What the exercise asks: Copy the data below exactly, but not the pictures it contains.

Given material:
::::::::::
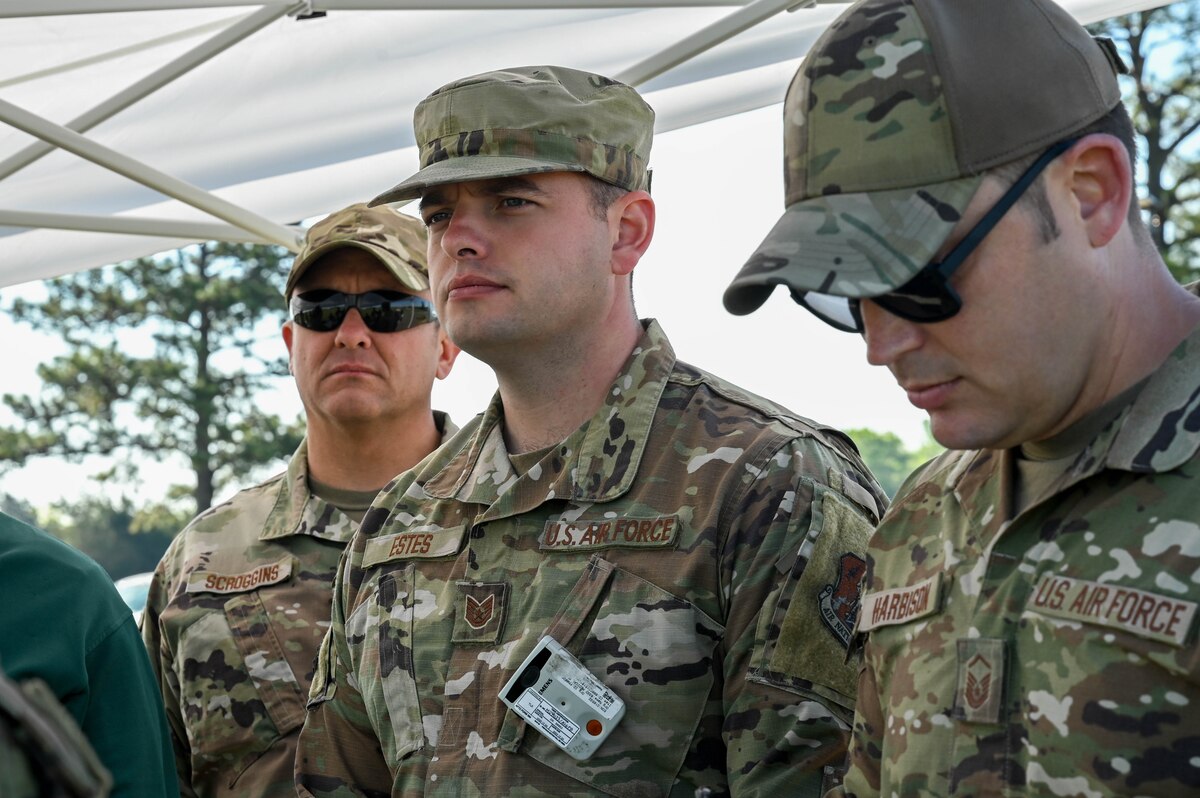 Maintenance Airmen from the 187th Aircraft Maintenance Squadron listen to a briefing
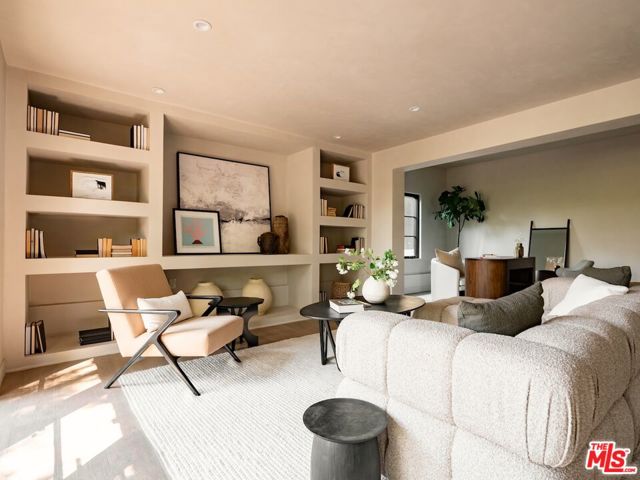 4790 Galendo Street, Woodland Hills CA: https://media.crmls.org/mediaz/59d8b0f6-3a67-45b4-af53-2522c1828698.jpg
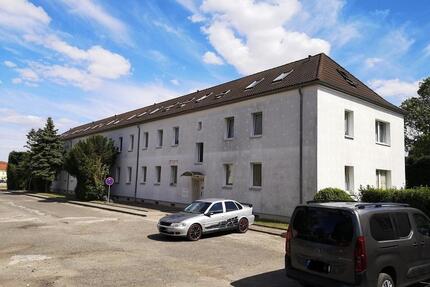 Erstbezug nach Sanierung! 2-Zimmerwohnung im Zentrum von Braunsbedra zu vermieten!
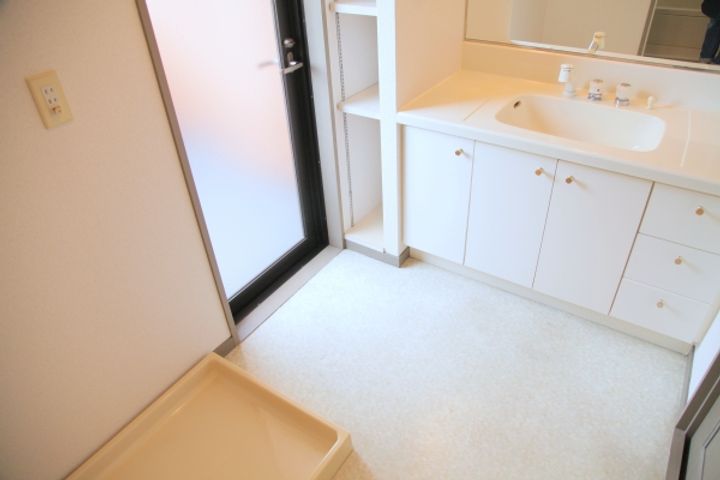 ライオンズマンション水戸三の丸の内装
::::::::::
Your solution:
 Maintenance Airmen from the 187th Aircraft Maintenance Squadron listen to a briefing
 4790 Galendo Street, Woodland Hills CA: https://media.crmls.org/mediaz/59d8b0f6-3a67-45b4-af53-2522c1828698.jpg
 Erstbezug nach Sanierung! 2-Zimmerwohnung im Zentrum von Braunsbedra zu vermieten!
 ライオンズマンション水戸三の丸の内装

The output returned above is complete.